◆ Task goal
Repeat back the listing below, word for word and in full.

◆ Records provided
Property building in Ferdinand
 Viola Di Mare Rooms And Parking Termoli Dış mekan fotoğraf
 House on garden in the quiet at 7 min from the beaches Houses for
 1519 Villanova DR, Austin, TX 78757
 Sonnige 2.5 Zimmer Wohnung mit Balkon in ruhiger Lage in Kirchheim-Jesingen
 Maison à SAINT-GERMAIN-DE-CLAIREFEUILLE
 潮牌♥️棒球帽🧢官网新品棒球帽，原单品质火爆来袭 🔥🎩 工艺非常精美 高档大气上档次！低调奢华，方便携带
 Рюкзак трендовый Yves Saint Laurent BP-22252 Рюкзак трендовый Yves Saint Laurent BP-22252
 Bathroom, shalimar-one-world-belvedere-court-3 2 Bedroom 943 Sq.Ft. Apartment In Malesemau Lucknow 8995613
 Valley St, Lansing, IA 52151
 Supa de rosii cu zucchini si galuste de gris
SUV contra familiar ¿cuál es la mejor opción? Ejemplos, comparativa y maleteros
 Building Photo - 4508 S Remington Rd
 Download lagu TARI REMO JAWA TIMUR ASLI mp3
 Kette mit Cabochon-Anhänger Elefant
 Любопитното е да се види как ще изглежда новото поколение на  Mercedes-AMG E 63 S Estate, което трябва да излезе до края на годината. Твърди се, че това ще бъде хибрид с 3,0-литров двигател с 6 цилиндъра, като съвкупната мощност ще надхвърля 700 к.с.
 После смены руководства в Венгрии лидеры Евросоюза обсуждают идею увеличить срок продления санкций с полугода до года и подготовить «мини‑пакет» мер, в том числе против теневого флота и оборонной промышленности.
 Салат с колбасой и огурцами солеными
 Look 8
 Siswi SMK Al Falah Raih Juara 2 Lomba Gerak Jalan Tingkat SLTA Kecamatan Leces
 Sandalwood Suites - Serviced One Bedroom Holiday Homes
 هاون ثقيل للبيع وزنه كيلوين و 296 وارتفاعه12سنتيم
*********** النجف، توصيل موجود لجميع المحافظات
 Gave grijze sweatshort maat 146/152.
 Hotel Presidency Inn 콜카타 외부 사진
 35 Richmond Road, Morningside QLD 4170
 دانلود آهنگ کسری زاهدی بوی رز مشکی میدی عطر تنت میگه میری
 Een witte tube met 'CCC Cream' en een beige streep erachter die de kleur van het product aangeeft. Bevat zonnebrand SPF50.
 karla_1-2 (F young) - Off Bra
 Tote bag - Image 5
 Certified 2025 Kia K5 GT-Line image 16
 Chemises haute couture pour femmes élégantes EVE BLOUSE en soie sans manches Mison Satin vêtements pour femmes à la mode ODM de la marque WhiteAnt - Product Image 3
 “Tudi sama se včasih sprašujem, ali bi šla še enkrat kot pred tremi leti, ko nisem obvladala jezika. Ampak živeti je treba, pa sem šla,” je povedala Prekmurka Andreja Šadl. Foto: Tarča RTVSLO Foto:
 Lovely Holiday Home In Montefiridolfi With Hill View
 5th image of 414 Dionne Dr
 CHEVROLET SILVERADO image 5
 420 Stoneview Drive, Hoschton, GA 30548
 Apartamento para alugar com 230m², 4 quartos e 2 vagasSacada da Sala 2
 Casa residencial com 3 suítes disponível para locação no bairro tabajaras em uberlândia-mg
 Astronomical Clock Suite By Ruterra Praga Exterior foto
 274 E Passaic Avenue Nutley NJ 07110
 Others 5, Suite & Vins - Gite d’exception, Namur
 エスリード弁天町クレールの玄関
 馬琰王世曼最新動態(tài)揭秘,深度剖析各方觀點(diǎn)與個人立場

◆ Exercise response
Property building in Ferdinand
 Viola Di Mare Rooms And Parking Termoli Dış mekan fotoğraf
 House on garden in the quiet at 7 min from the beaches Houses for
 1519 Villanova DR, Austin, TX 78757
 Sonnige 2.5 Zimmer Wohnung mit Balkon in ruhiger Lage in Kirchheim-Jesingen
 Maison à SAINT-GERMAIN-DE-CLAIREFEUILLE
 潮牌♥️棒球帽🧢官网新品棒球帽，原单品质火爆来袭 🔥🎩 工艺非常精美 高档大气上档次！低调奢华，方便携带
 Рюкзак трендовый Yves Saint Laurent BP-22252 Рюкзак трендовый Yves Saint Laurent BP-22252
 Bathroom, shalimar-one-world-belvedere-court-3 2 Bedroom 943 Sq.Ft. Apartment In Malesemau Lucknow 8995613
 Valley St, Lansing, IA 52151
 Supa de rosii cu zucchini si galuste de gris
SUV contra familiar ¿cuál es la mejor opción? Ejemplos, comparativa y maleteros
 Building Photo - 4508 S Remington Rd
 Download lagu TARI REMO JAWA TIMUR ASLI mp3
 Kette mit Cabochon-Anhänger Elefant
 Любопитното е да се види как ще изглежда новото поколение на  Mercedes-AMG E 63 S Estate, което трябва да излезе до края на годината. Твърди се, че това ще бъде хибрид с 3,0-литров двигател с 6 цилиндъра, като съвкупната мощност ще надхвърля 700 к.с.
 После смены руководства в Венгрии лидеры Евросоюза обсуждают идею увеличить срок продления санкций с полугода до года и подготовить «мини‑пакет» мер, в том числе против теневого флота и оборонной промышленности.
 Салат с колбасой и огурцами солеными
 Look 8
 Siswi SMK Al Falah Raih Juara 2 Lomba Gerak Jalan Tingkat SLTA Kecamatan Leces
 Sandalwood Suites - Serviced One Bedroom Holiday Homes
 هاون ثقيل للبيع وزنه كيلوين و 296 وارتفاعه12سنتيم
*********** النجف، توصيل موجود لجميع المحافظات
 Gave grijze sweatshort maat 146/152.
 Hotel Presidency Inn 콜카타 외부 사진
 35 Richmond Road, Morningside QLD 4170
 دانلود آهنگ کسری زاهدی بوی رز مشکی میدی عطر تنت میگه میری
 Een witte tube met 'CCC Cream' en een beige streep erachter die de kleur van het product aangeeft. Bevat zonnebrand SPF50.
 karla_1-2 (F young) - Off Bra
 Tote bag - Image 5
 Certified 2025 Kia K5 GT-Line image 16
 Chemises haute couture pour femmes élégantes EVE BLOUSE en soie sans manches Mison Satin vêtements pour femmes à la mode ODM de la marque WhiteAnt - Product Image 3
 “Tudi sama se včasih sprašujem, ali bi šla še enkrat kot pred tremi leti, ko nisem obvladala jezika. Ampak živeti je treba, pa sem šla,” je povedala Prekmurka Andreja Šadl. Foto: Tarča RTVSLO Foto:
 Lovely Holiday Home In Montefiridolfi With Hill View
 5th image of 414 Dionne Dr
 CHEVROLET SILVERADO image 5
 420 Stoneview Drive, Hoschton, GA 30548
 Apartamento para alugar com 230m², 4 quartos e 2 vagasSacada da Sala 2
 Casa residencial com 3 suítes disponível para locação no bairro tabajaras em uberlândia-mg
 Astronomical Clock Suite By Ruterra Praga Exterior foto
 274 E Passaic Avenue Nutley NJ 07110
 Others 5, Suite & Vins - Gite d’exception, Namur
 エスリード弁天町クレールの玄関
 馬琰王世曼最新動態(tài)揭秘,深度剖析各方觀點(diǎn)與個人立場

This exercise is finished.